What you need to do: Write out the records below from the first line through the line containing "An early 19th", leaving out any pictures.

[Data items]
■ ■ ■ ■ ■

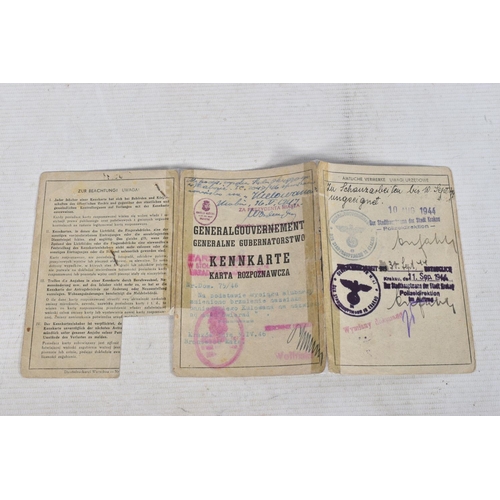 304 - A COLLECTION OF GERMAN WWII DOCUMENTS, to include rations cards, a newspaper print dated 02/05/1945,... 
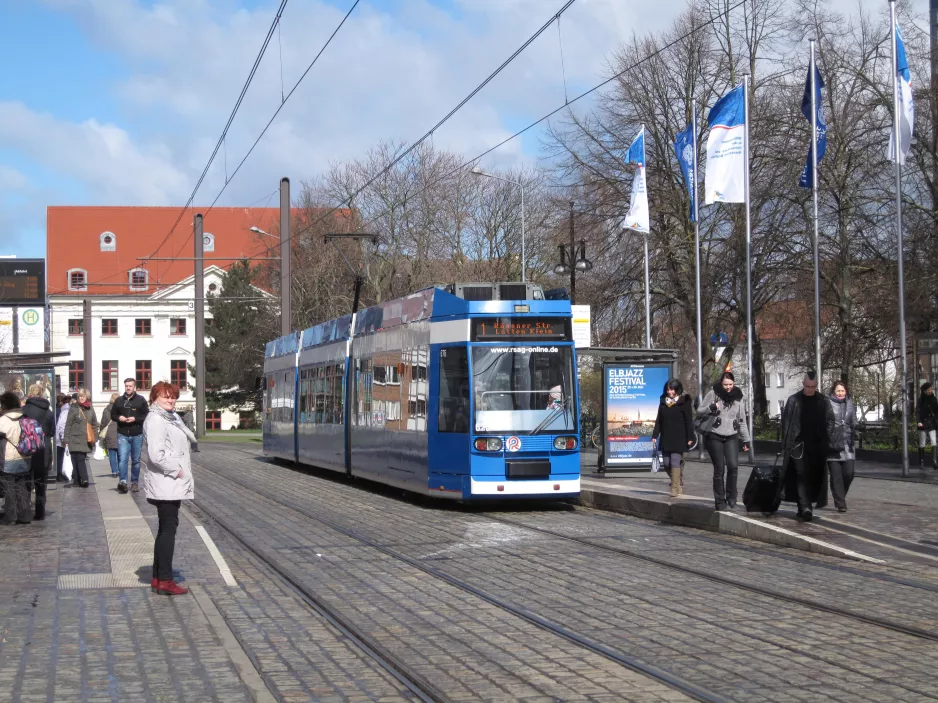 Rostock tram line 1 with low-floor articulated tram 676 at Neuer Markt (2015)
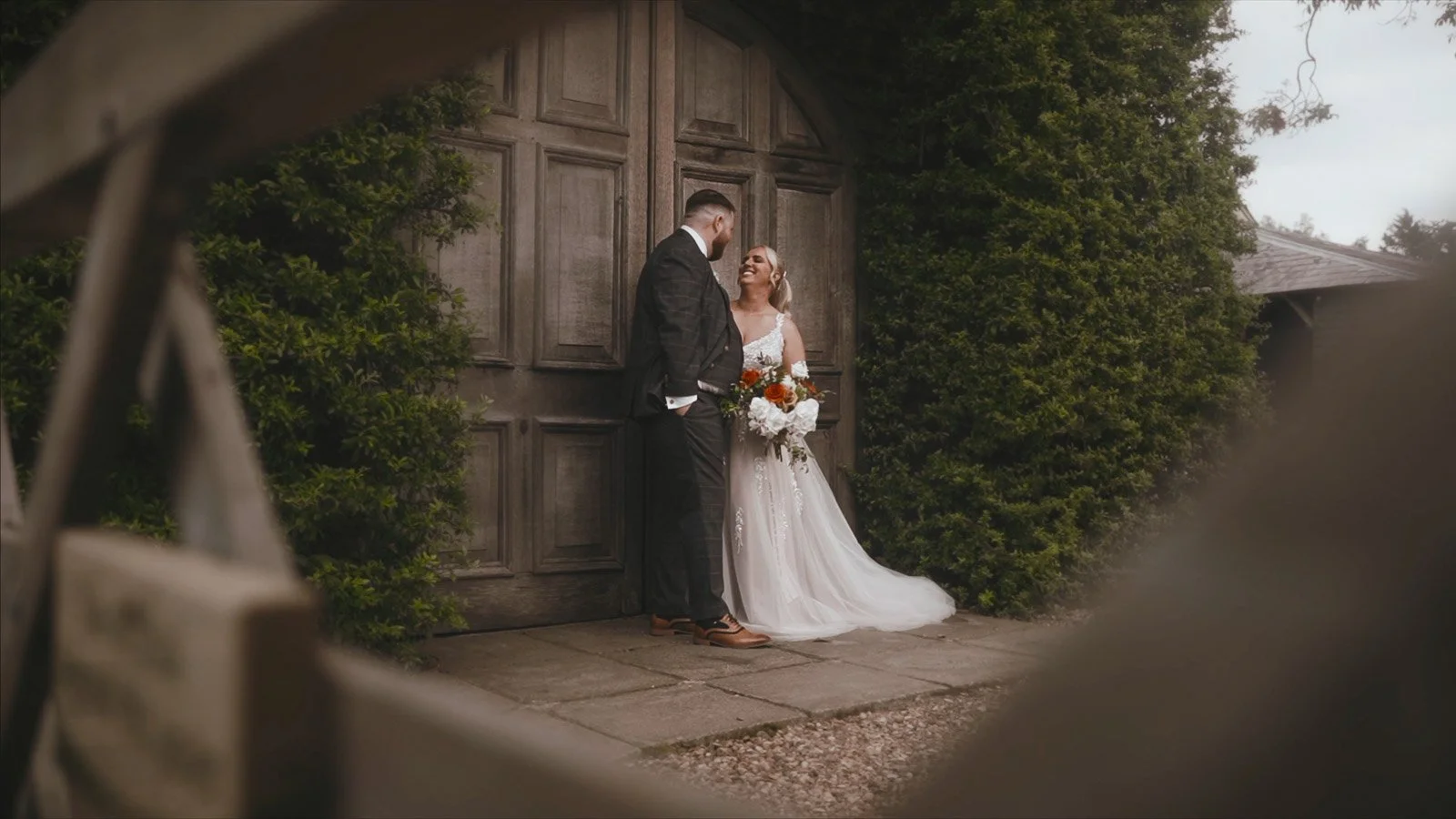 Rachel and Ryan’s Winters Barns wedding film gallery image with warm sunset tones and a relaxed, joyful feel.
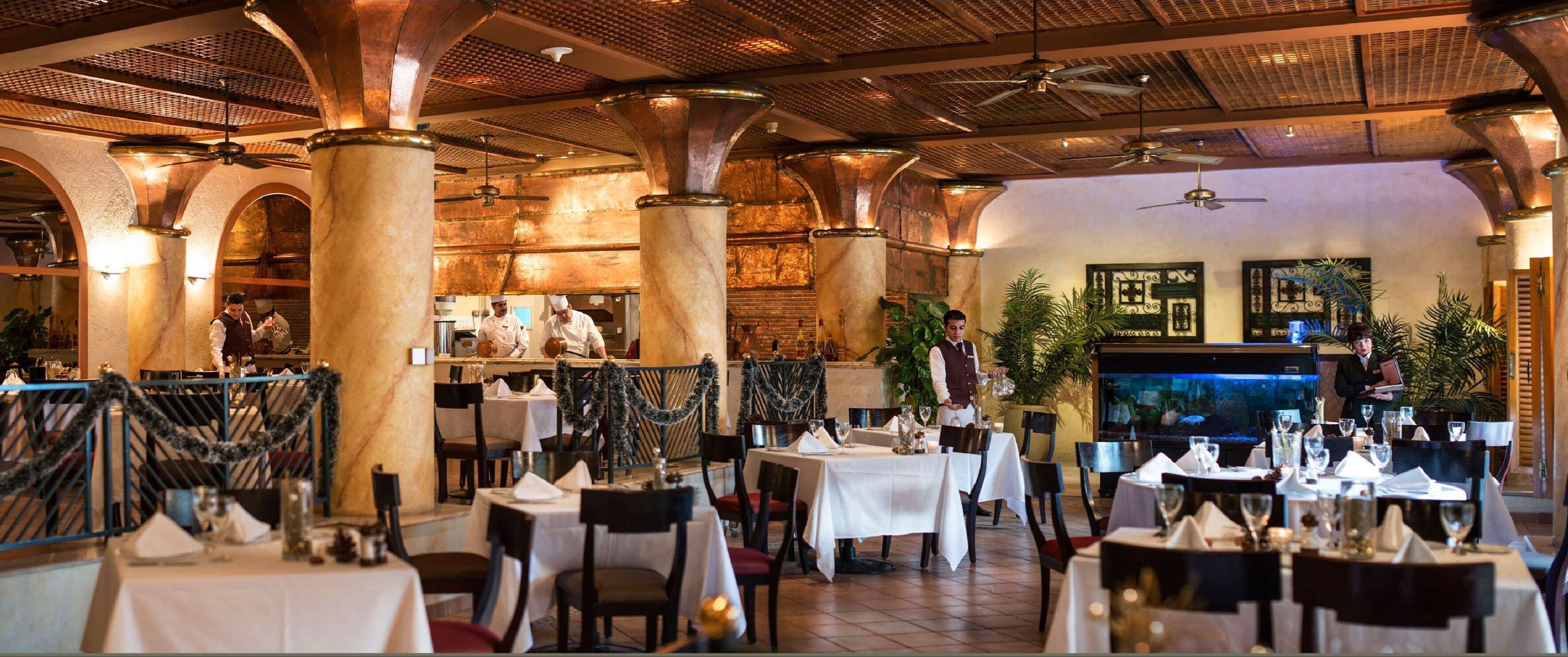 Ein Restaurant mit Marmorsäulen, mehreren gedeckten Tischen und Deckenventilatoren.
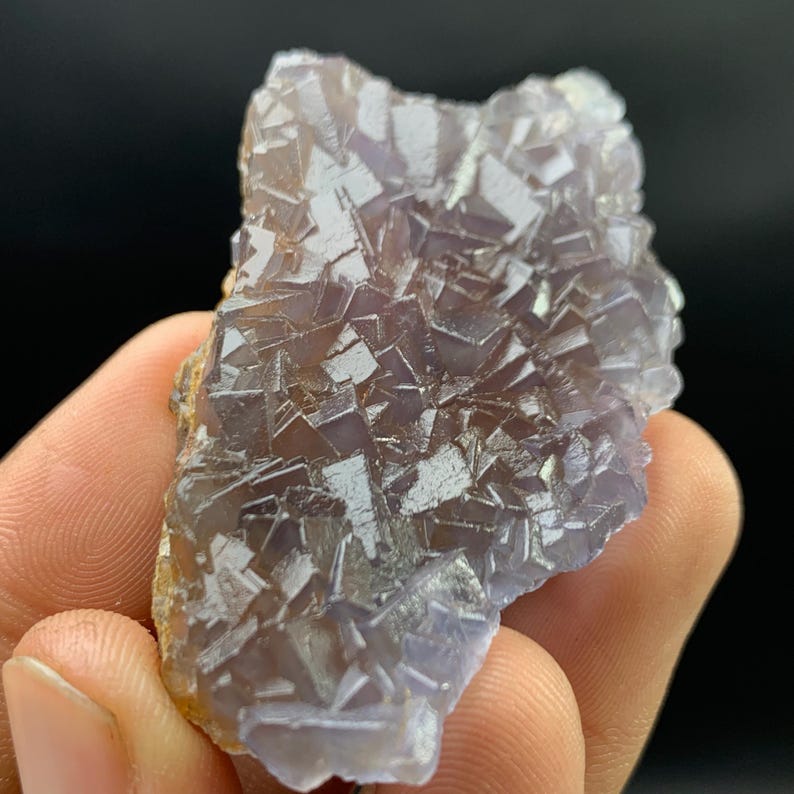 K&ouml;nnte beinhalten: Nahaufnahme einer Fluorit-Mineralprobe. Der Fluorit hat eine kristalline Struktur mit Lila- und Wei&szlig;t&ouml;nen. Die Kanten des Minerals sind hellbraun. Der Hintergrund ist schwarz.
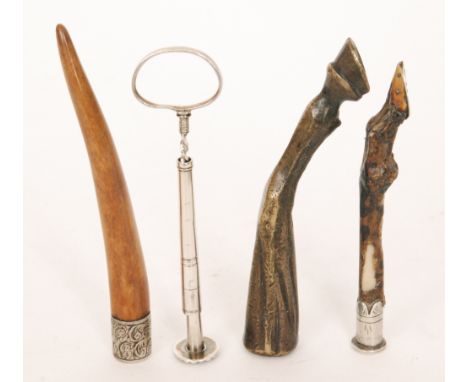 An early 19th Century silver mounted pipe tamper in the form of a horses hoof with pique work shoe, a similar bronze hoof tog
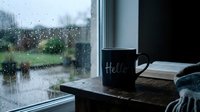 Dark mug with Hello text on wooden table by rain-covered window, open book and cozy scarf beside it, moody autumn atmosphere.
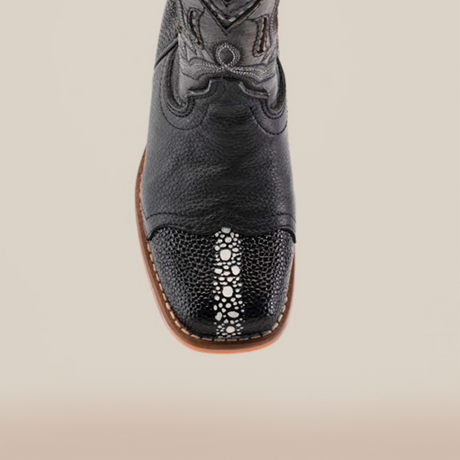 The Stingray Half Cowhide Print Black Rodeo Toe boot, made from cowhide leather, showcases western charm with its intricate toe pattern and white stitching. It features a brown sole and detailed shaft design, displayed from above against a plain backdrop.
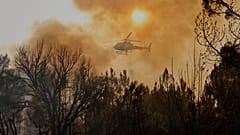Un hélicoptère largue de l'eau sur un feu de forêt à Larouco, au nord-ouest de l'Espagne, le 13 août 2025. 
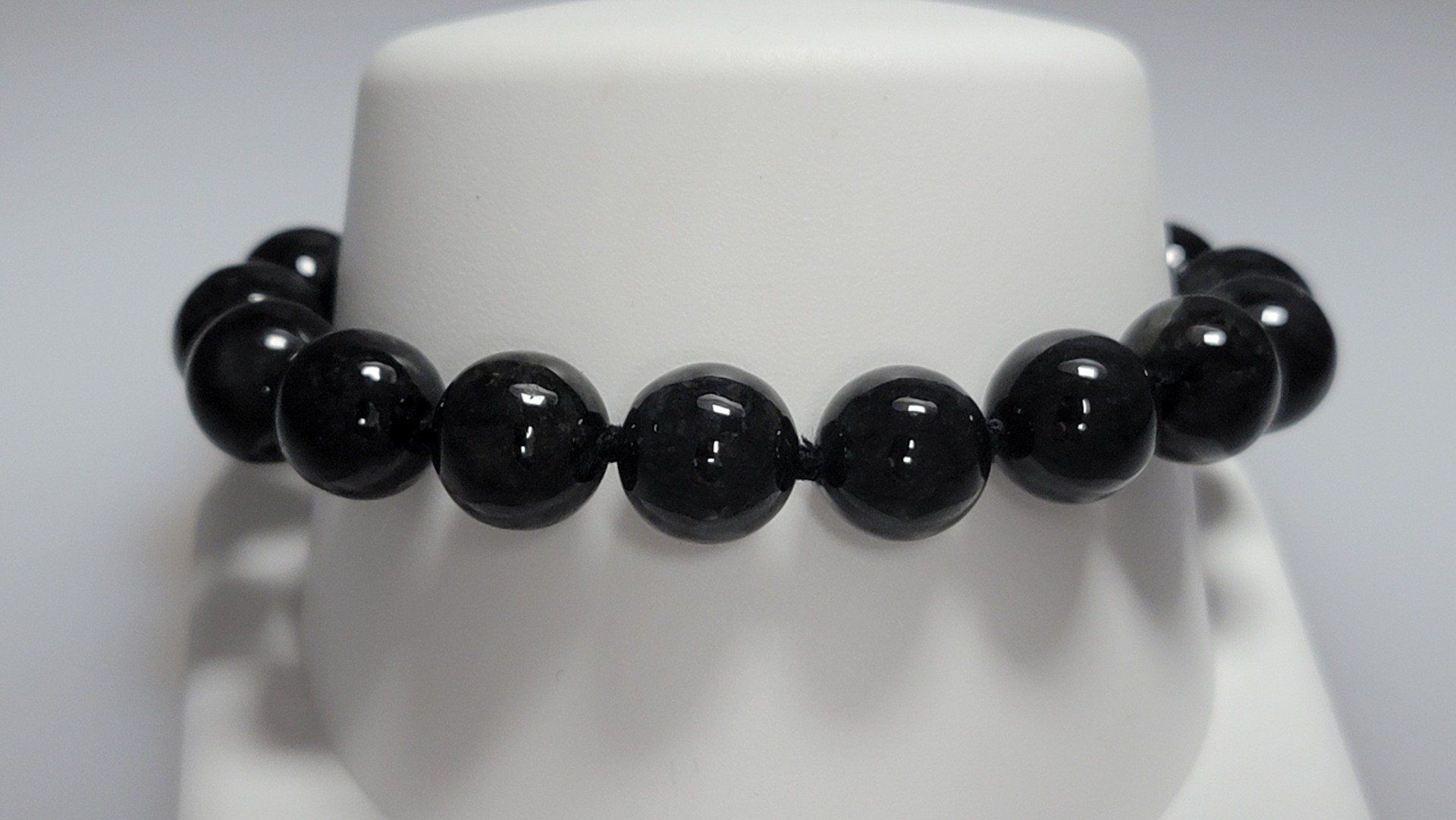 Black beaded bracelet on a white display stand.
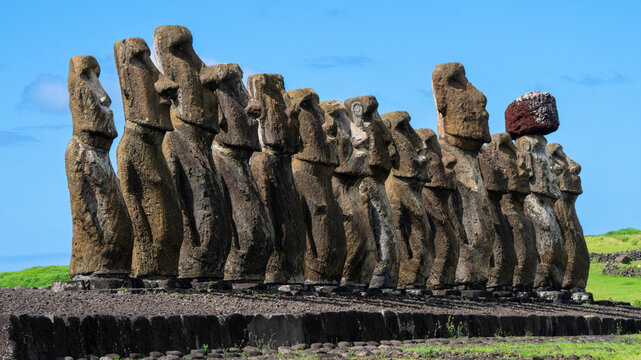 Moai statues stand in a row at Ahu Tongariki on Easter Island in Chile under a clear blue sky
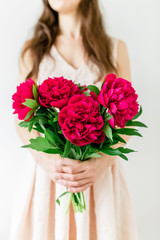 Young woman holding in hands peony bouquet. Sweet romantic moment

■ ■ ■ ■ ■

Solved exercise:
 304 - A COLLECTION OF GERMAN WWII DOCUMENTS, to include rations cards, a newspaper print dated 02/05/1945,... 
 Rostock tram line 1 with low-floor articulated tram 676 at Neuer Markt (2015)
 Rachel and Ryan’s Winters Barns wedding film gallery image with warm sunset tones and a relaxed, joyful feel.
 Ein Restaurant mit Marmorsäulen, mehreren gedeckten Tischen und Deckenventilatoren.
 K&ouml;nnte beinhalten: Nahaufnahme einer Fluorit-Mineralprobe. Der Fluorit hat eine kristalline Struktur mit Lila- und Wei&szlig;t&ouml;nen. Die Kanten des Minerals sind hellbraun. Der Hintergrund ist schwarz.
 An early 19th Century silver mounted pipe tamper in the form of a horses hoof with pique work shoe, a similar bronze hoof tog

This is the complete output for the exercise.